Image-caption web data:

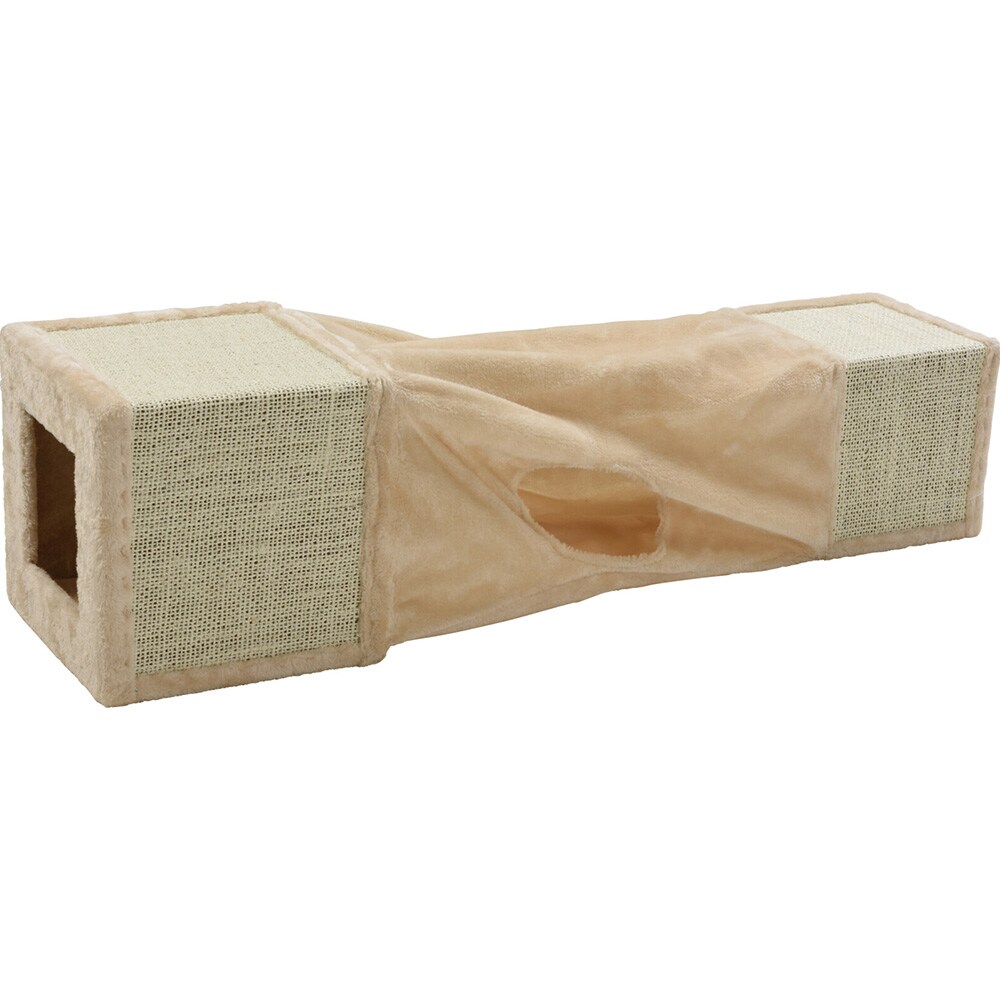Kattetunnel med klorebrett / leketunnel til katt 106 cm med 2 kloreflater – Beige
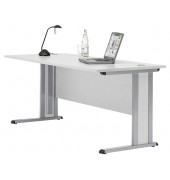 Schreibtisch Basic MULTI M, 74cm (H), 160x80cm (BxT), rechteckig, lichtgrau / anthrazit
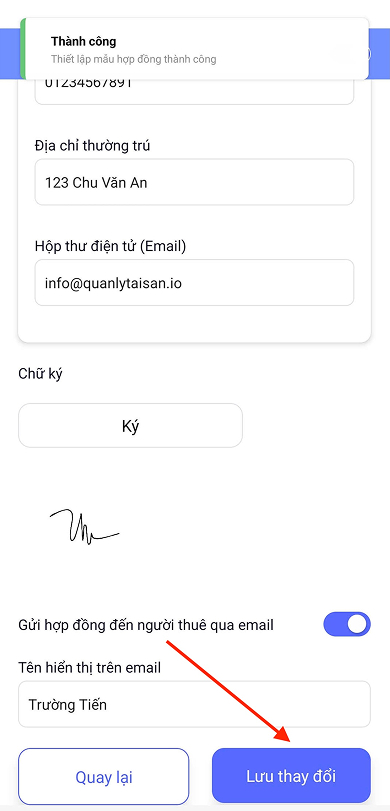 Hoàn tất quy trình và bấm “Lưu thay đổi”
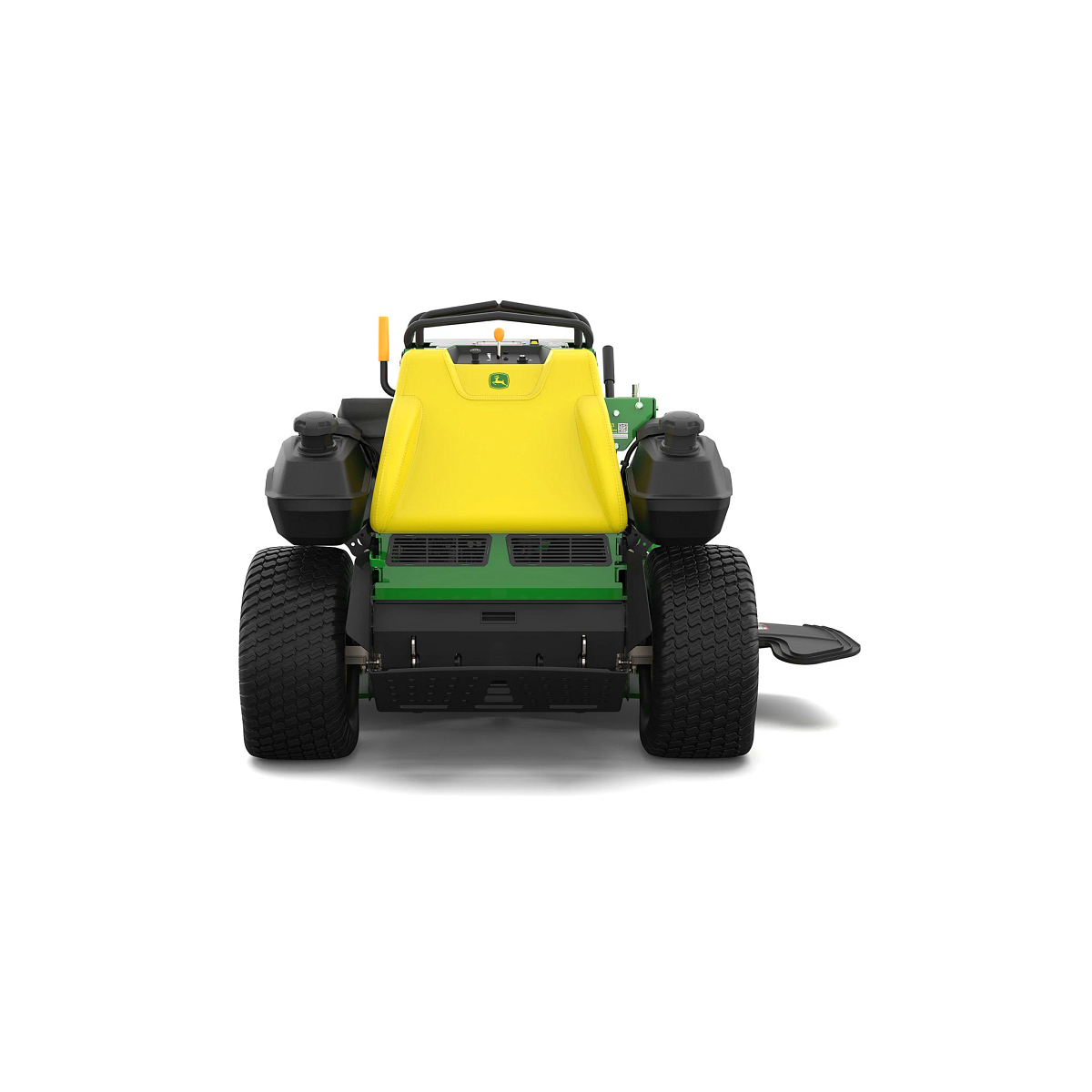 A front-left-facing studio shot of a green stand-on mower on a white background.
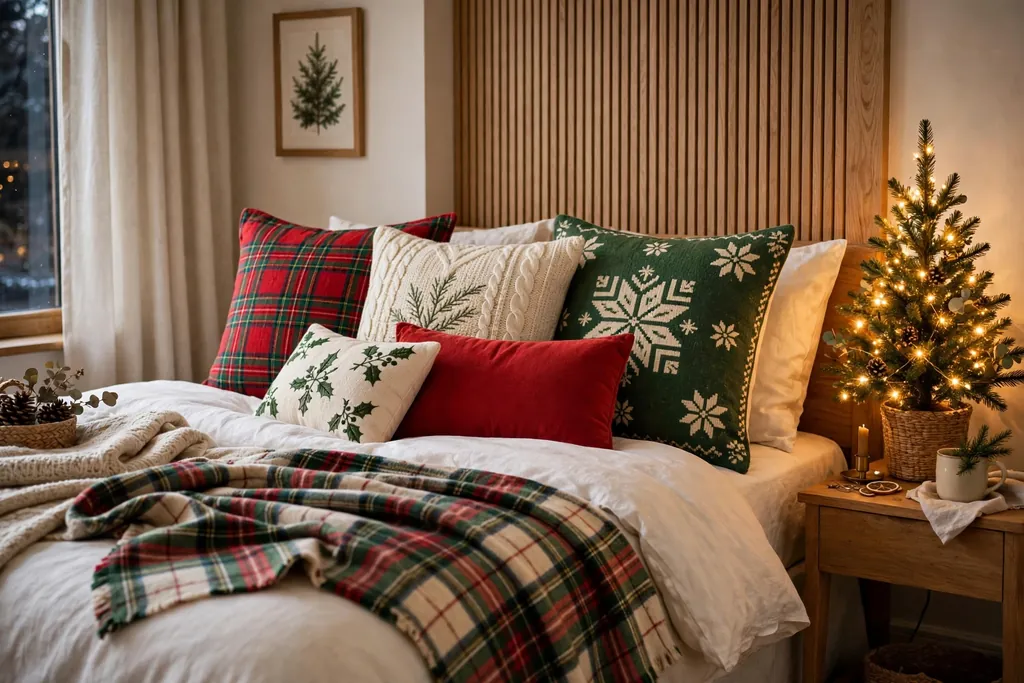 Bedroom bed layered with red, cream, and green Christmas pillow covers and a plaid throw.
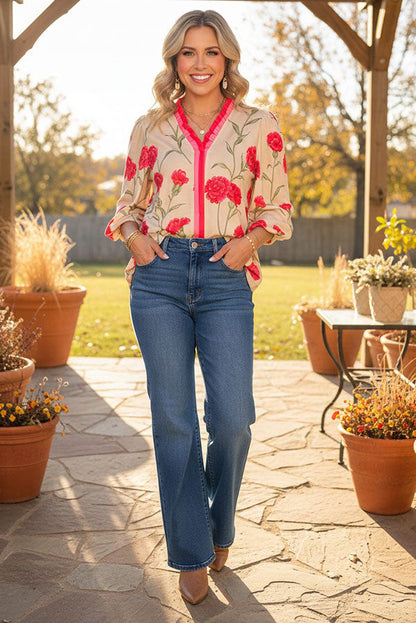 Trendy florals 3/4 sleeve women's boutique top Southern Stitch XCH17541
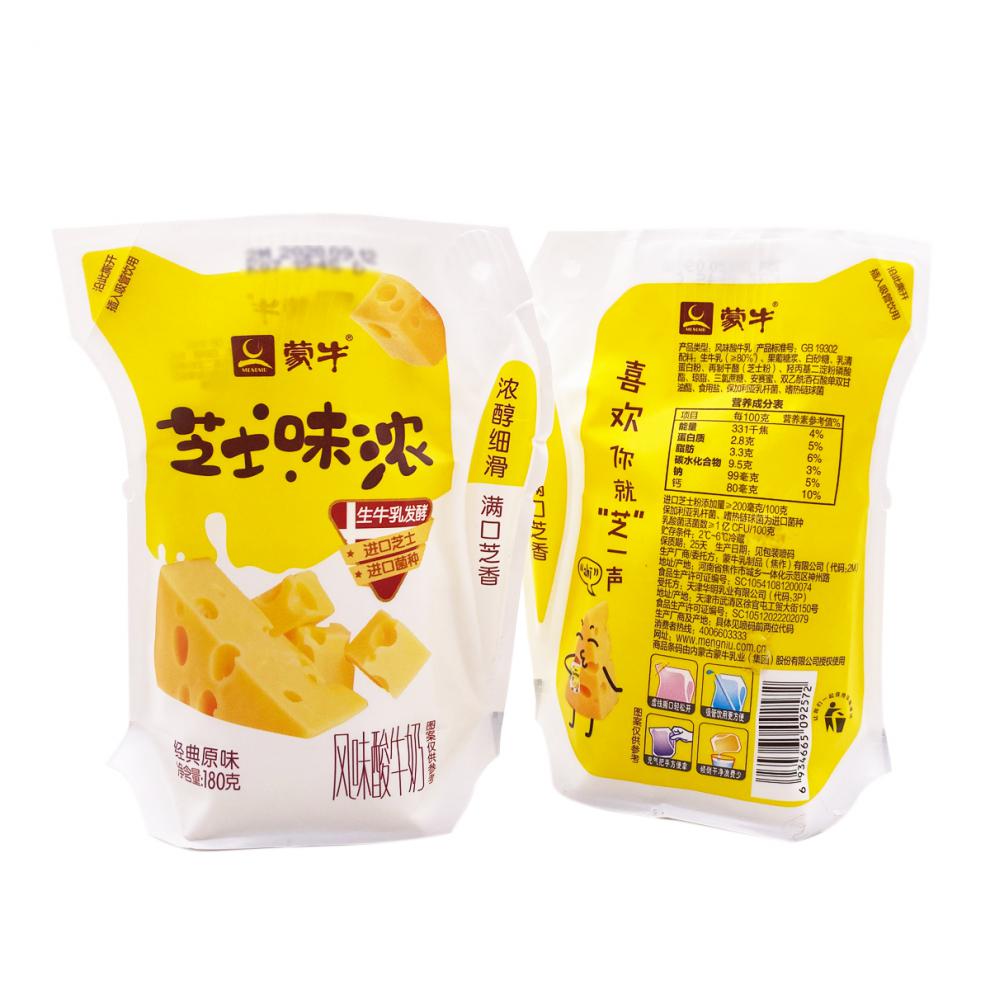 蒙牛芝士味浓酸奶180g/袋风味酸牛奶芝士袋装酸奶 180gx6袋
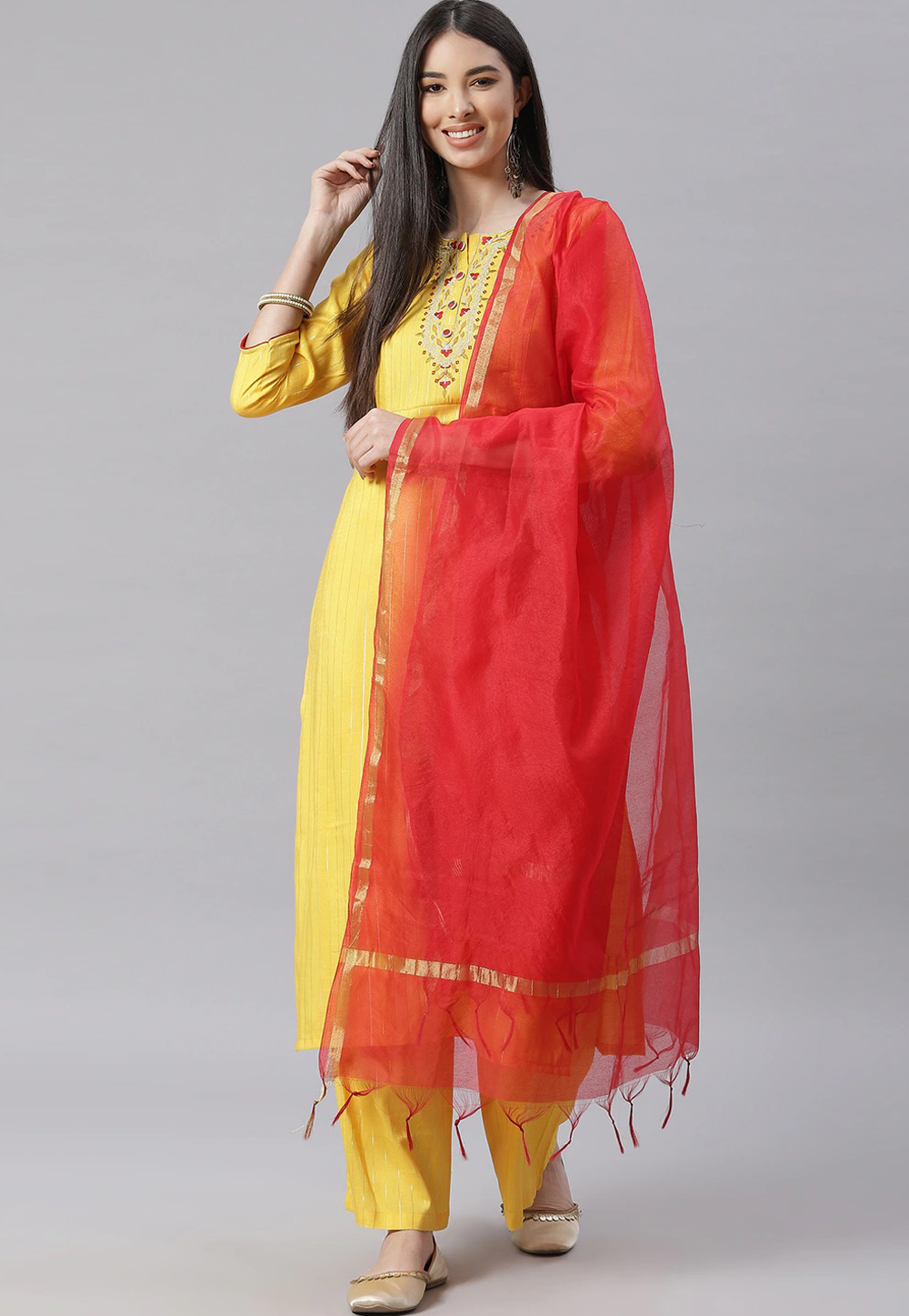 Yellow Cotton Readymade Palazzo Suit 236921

▶ [DIRECTIONS FOR THIS TASK]
Print the records again exactly, without the pictures.

▶ [EXERCISE OUTPUT]
Kattetunnel med klorebrett / leketunnel til katt 106 cm med 2 kloreflater – Beige
 Schreibtisch Basic MULTI M, 74cm (H), 160x80cm (BxT), rechteckig, lichtgrau / anthrazit
 Hoàn tất quy trình và bấm “Lưu thay đổi”
 A front-left-facing studio shot of a green stand-on mower on a white background.
 Bedroom bed layered with red, cream, and green Christmas pillow covers and a plaid throw.
 Trendy florals 3/4 sleeve women's boutique top Southern Stitch XCH17541
 蒙牛芝士味浓酸奶180g/袋风味酸牛奶芝士袋装酸奶 180gx6袋
 Yellow Cotton Readymade Palazzo Suit 236921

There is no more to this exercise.